Dans cet ouvrage richement illustré, l’artiste graphique espagnole Rebeka Elizegi propose sa propre sélection du travail de cinquante femmes qui font de leurs collages à la fois des œuvres d’art à la technique parfaitement maitrisée, des récits d’instants de vie, des revendications remplies de fantaisie et, voire même pour certaines, des cris déchirants dans un monde où les enjeux de pouvoir et de reconnaissance sont au cœur des luttes féministes.
Dans sa préface, Rebeka Elizegi compare le collage à « un champ de bataille » et force est de constater que ces artistes – y compris l’autrice – sont des guerrières qui portent leur identité en déstructurant la réalité des images qu’elles s’approprient pour en construire d’autres qui leur sont cette fois-ci propres. Offrant à voir des scènes d’un monde entièrement recomposé par des femmes, son agencement pourrait sembler déstructuré au premier regard, il n’en est rien. Le collage devient alors une source de questionnement, de revendication, de quête d’identité, mais aussi de plaisir où l’imagination féminine s’exprime sans contrainte normative fixée par un milieu artistique – et pas seulement lui – qui, trop souvent invisibilise les femmes.
Si l’art du collage peut apparaître de prime abord comme un art mineur, inconnu ou oublié, la somme proposée dans ce livre, tant par sa diversité que par les introductions commentées de chaque collagiste, démontre qu’il n’en est rien. En effet, portraits anciens, immeubles de verre et d’acier, timbres, sacs en papier, fil, chromos, technologies du numérique … permettent des dispositifs militants à ces plasticiennes « qu’elles -les images oubliées – proviennent d’un magazine de jardinage ou d’un livre scolaire » comme le constate Olga Lupi, collagiste française qui, depuis son enfance sur les murs de sa chambre, pratique aussi bien le collage à la main que le collage numérique, dans un travail solitaire ou dans une démarche collective, sur les murs des villes ou en fabriquant des cartes postales.
De Sherry Parker née en 1949, collagiste à la fin de sa vie professionnelle et qui reconnaît n’avoir jamais souffert de la moindre discrimination en Californie à Ingrid Mabelle, jeune femme noire née au Brésil en 1992 venue au collage pour « dépasser de mauvais moments », cet art tisse des liens entre des femmes venues de tous les horizons, au-delà de leurs origines et de leurs parcours individuels. Elles se reconnaissent toutes dans la démarche de Rebeka Elizegi qui les relie dans la communauté que compose « L’art du collage au féminin « .
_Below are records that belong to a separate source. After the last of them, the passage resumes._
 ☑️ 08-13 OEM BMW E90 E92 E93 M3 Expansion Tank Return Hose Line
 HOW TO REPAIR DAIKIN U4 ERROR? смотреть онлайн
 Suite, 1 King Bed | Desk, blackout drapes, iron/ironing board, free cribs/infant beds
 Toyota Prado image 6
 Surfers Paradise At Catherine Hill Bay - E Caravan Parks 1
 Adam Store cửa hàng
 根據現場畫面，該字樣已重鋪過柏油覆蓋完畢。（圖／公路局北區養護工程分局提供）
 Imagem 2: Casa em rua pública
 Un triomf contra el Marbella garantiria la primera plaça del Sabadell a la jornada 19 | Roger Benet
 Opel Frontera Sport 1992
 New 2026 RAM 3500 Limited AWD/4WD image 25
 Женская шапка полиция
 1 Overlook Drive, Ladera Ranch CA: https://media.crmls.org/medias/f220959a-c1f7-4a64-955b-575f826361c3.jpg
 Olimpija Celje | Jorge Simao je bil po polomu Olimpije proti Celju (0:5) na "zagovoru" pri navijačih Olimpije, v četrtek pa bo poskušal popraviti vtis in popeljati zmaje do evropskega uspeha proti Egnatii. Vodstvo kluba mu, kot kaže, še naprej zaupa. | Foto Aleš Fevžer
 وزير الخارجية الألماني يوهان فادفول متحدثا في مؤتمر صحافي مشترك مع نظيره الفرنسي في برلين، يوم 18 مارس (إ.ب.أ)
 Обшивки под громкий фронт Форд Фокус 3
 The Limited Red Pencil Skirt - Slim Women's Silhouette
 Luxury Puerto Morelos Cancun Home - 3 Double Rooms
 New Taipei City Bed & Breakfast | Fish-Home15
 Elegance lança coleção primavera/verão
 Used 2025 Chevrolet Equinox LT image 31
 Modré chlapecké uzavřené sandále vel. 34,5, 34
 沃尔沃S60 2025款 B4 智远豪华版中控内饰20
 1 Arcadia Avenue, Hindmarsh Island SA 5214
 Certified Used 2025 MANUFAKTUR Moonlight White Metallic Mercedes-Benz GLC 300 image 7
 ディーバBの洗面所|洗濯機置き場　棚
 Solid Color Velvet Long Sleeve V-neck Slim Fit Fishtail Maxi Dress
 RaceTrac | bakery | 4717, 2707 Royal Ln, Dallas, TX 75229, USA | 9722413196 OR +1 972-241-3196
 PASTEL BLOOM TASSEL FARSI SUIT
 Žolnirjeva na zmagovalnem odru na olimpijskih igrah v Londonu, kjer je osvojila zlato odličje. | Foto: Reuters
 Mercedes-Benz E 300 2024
Utilisant la technique qu’elle définit comme étant un photomontage cousu, Annegret Soltau, collagiste allemande, retravaille des photographies d’elle-même, de sa famille qu’elle évide. Elle interroge à travers cette démarche le diktat de la beauté féminine et la nécessité d’être « une vieille femme » pour être reconnue comme elle le dit à Rebeka Elizegi.